Ruangan kosong meski di luar sel dipakai untuk tidur napi, termasuk koridor
paviliun. Jika hal ini dibiarkan terus menerus maka tidak dapat dibayangkan
bagaimana situasi penjara ke depannya.
Apabila
petugas penjara kebingungan maka bagaimana pula dengan narapidana itu sendiri?

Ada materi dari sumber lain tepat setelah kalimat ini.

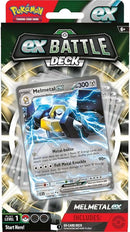 Pokemon ex Battle Deck Melmetal/Houndoom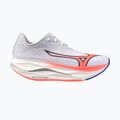 Női futócipő Mizuno Wave Rebellion Flash 3 white/striking coral/iris bloom 9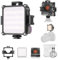 ZHIYUN Fiveray M20 [Official] Videolicht 20W, Bi-Color LED Streaming Licht, Magnetisch Tragbar Videoleuchte mit 2010 Lux/ 2700~6500K/ 4500mAh/ CRI 95+/ TLCI 97+, Ultraleise Video/Foto Licht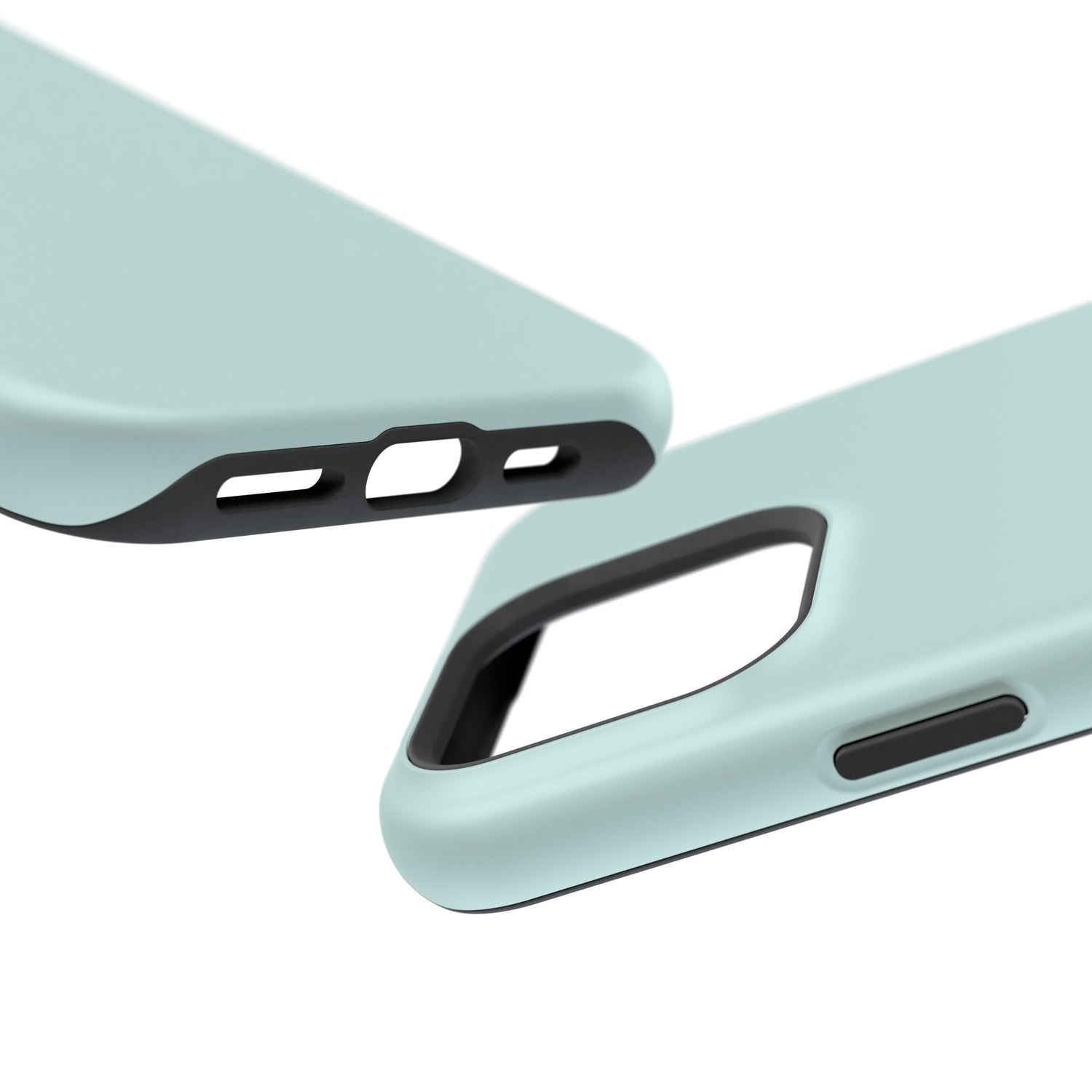 Impact-Resistant Phone Case - Icy Mint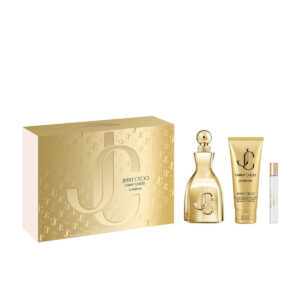 Parfumset voor Dames Jimmy Choo I WANT CHOO 3 Onderdelen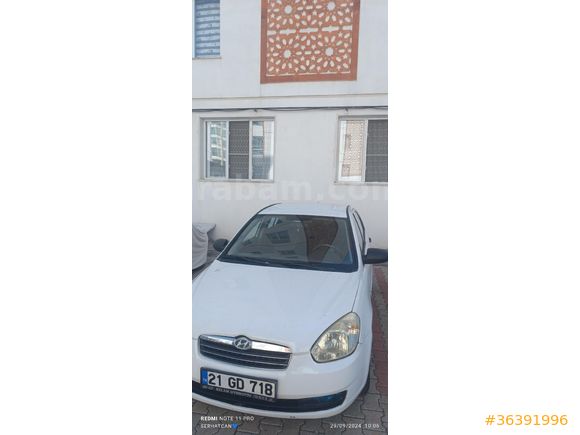 Sahibinden Hyundai Accent Era 1.4 Team 2010 Model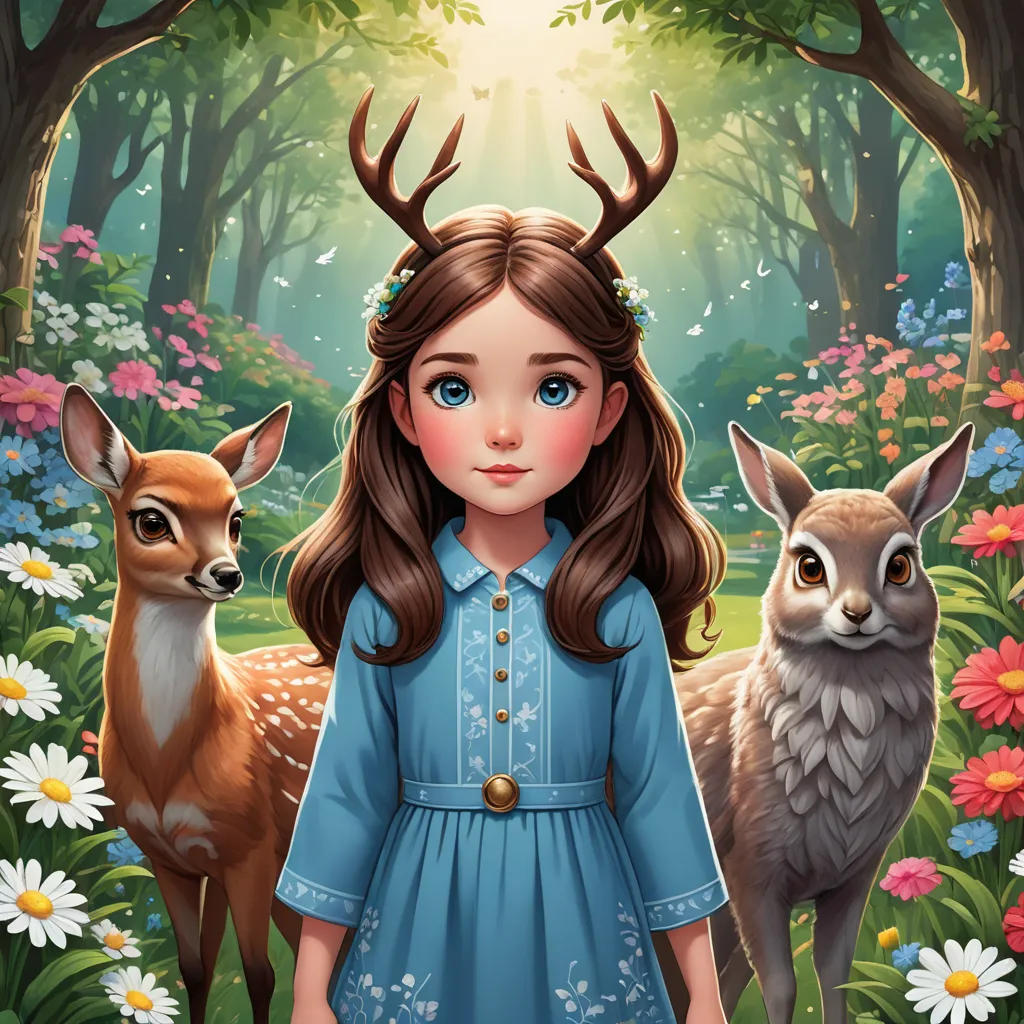 The Magic Garden Adventure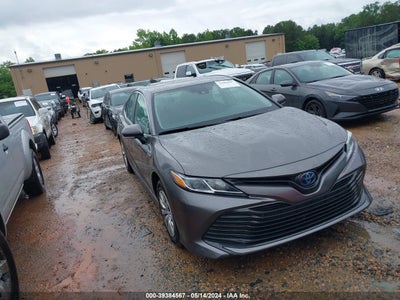 TOYOTA CAMRY HYBRID 2019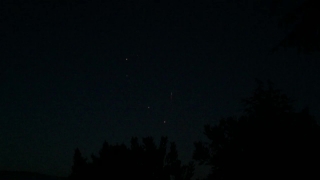 Star, Celestial Body, Night, Sky, Light, Space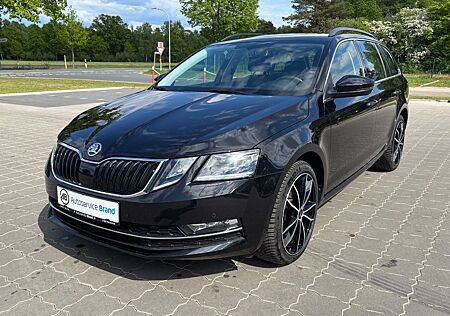 Skoda Octavia Combi Style
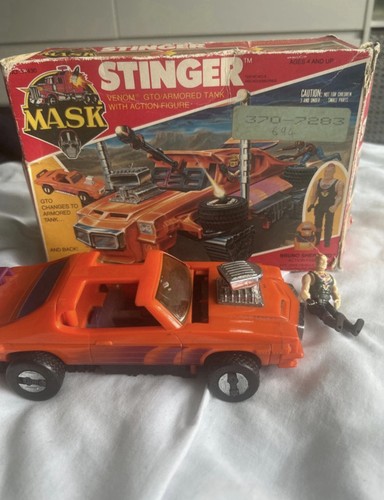 Kenner stinger mask - kenner,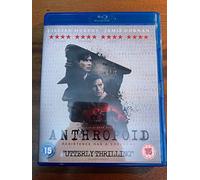 Anthropoid [Edizione: Regno Unito] [Blu-Ray] [Import]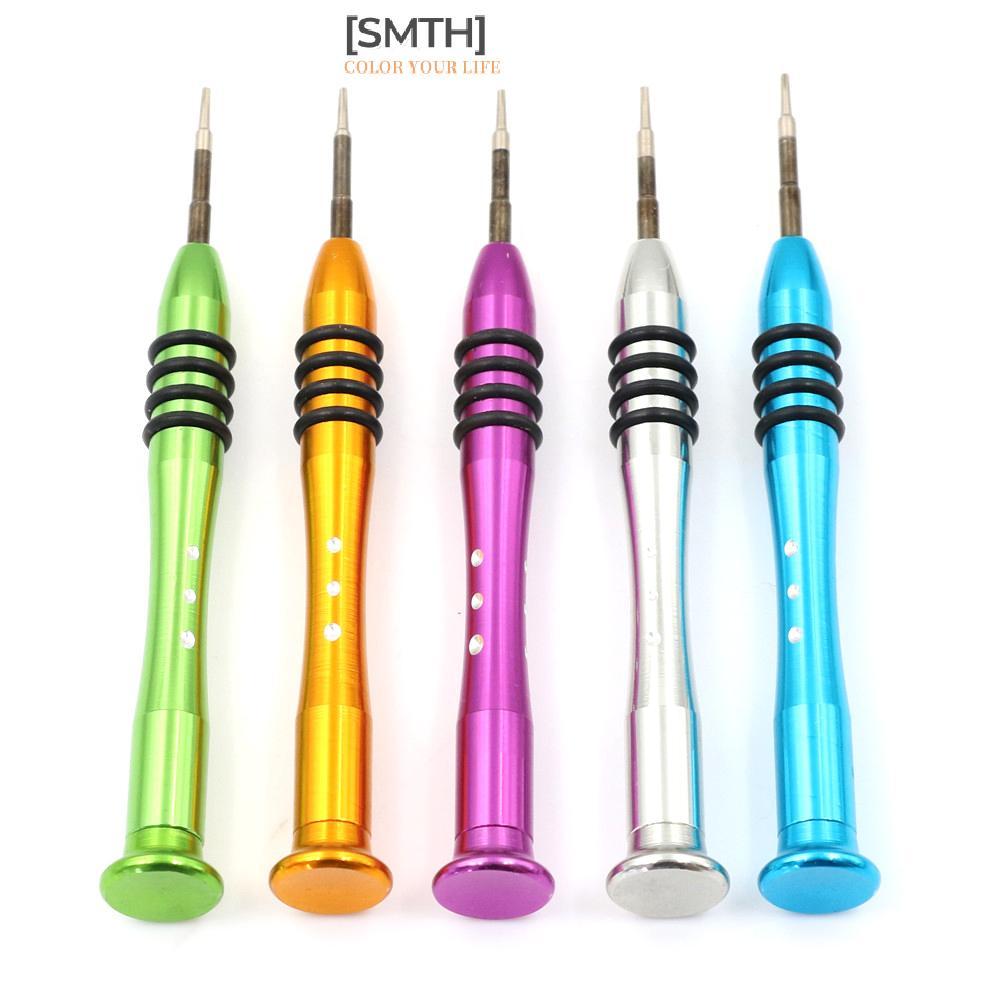 [SMTH] เครื่องมือซ่อมเปิดแล็ปท็อป 1.2 มม.P5 Pentalobe ไขควงสําหรับ Book Air Pro สต็อกใหม่ ราคาถูก Shopee Lazada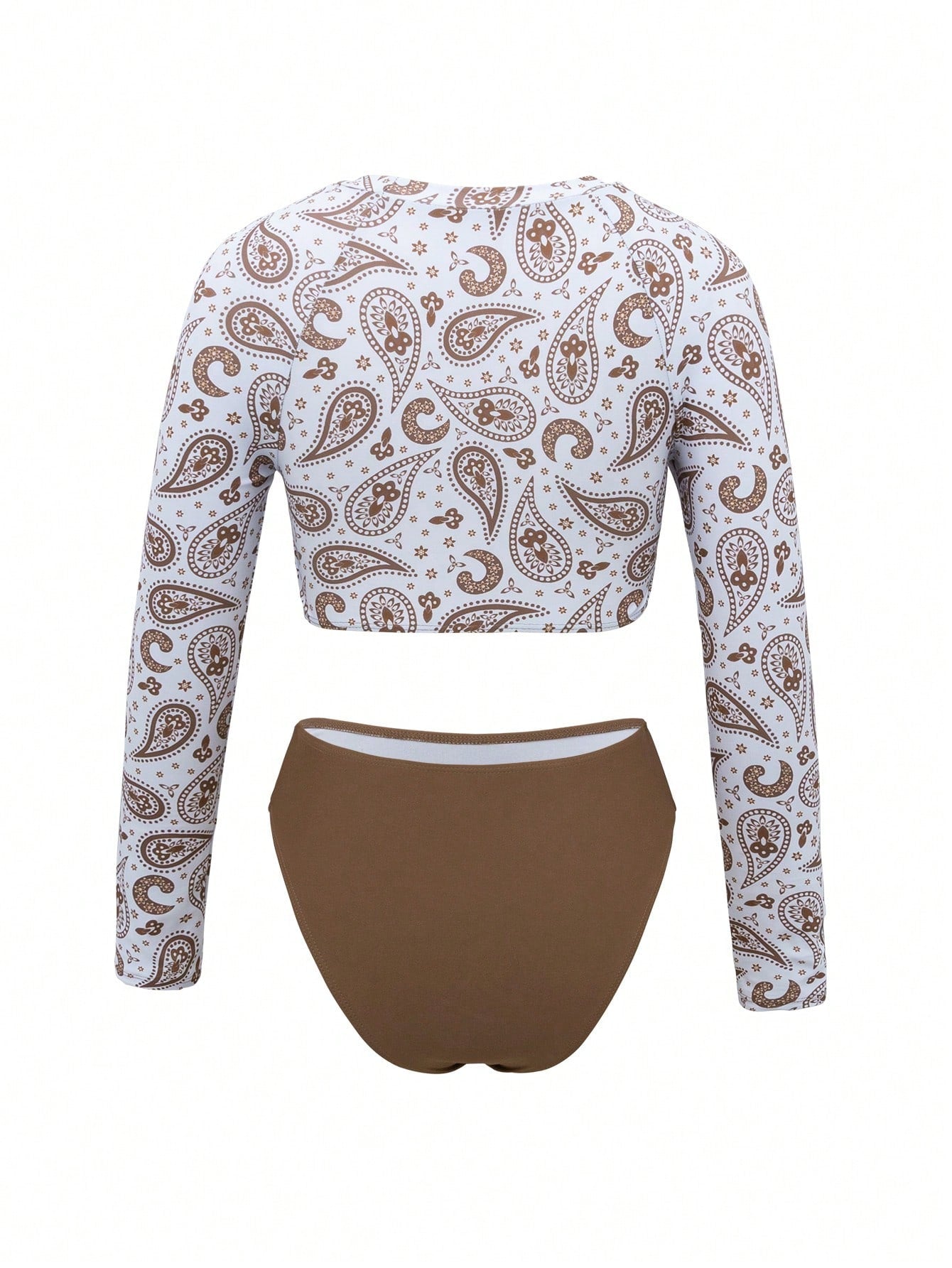Conjunto Mergulho Esportivo Manga Longa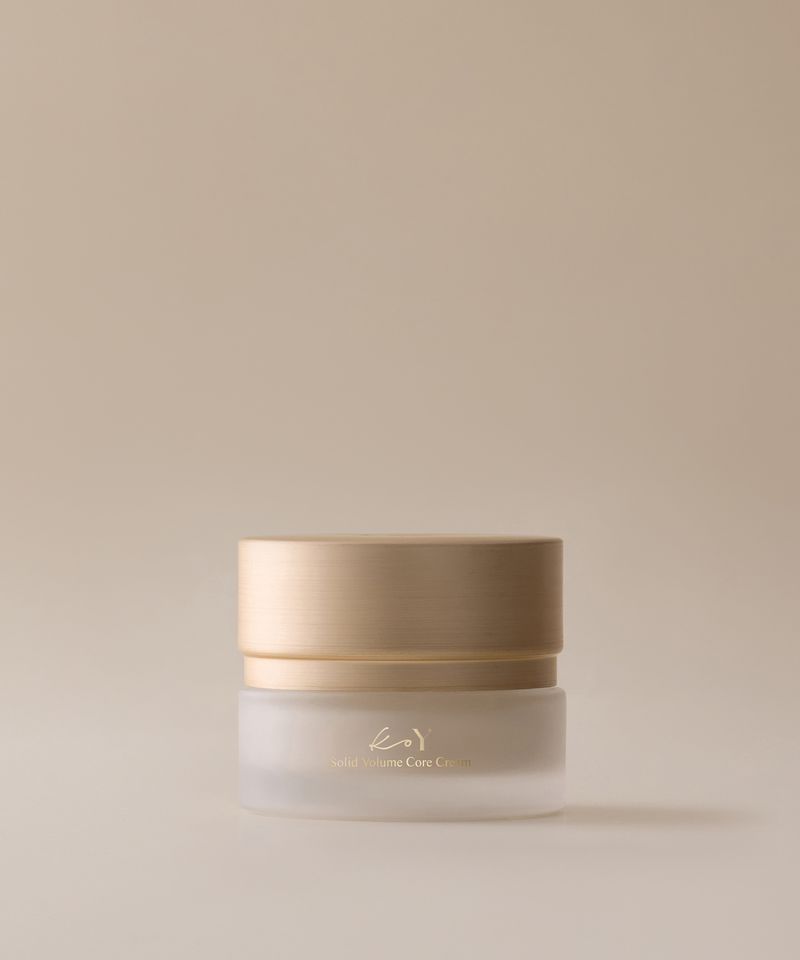 Solid Volume Core Cream 50ml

Sebagai manusia suatu saat mereka akan berontak apabila situasi penjara sudah
tidak memungkinkan untuk dihuni.
Jumlah
petugas setiap shift hanya 17 orang. Jumlah ini tidak rasional jika
dibandingkan dengan jumlah napi yang mencapai 1.500 orang lebih. Dengan
keterbatasan jumlah petugas maka akan terbatas pula penanganan terhadap napi.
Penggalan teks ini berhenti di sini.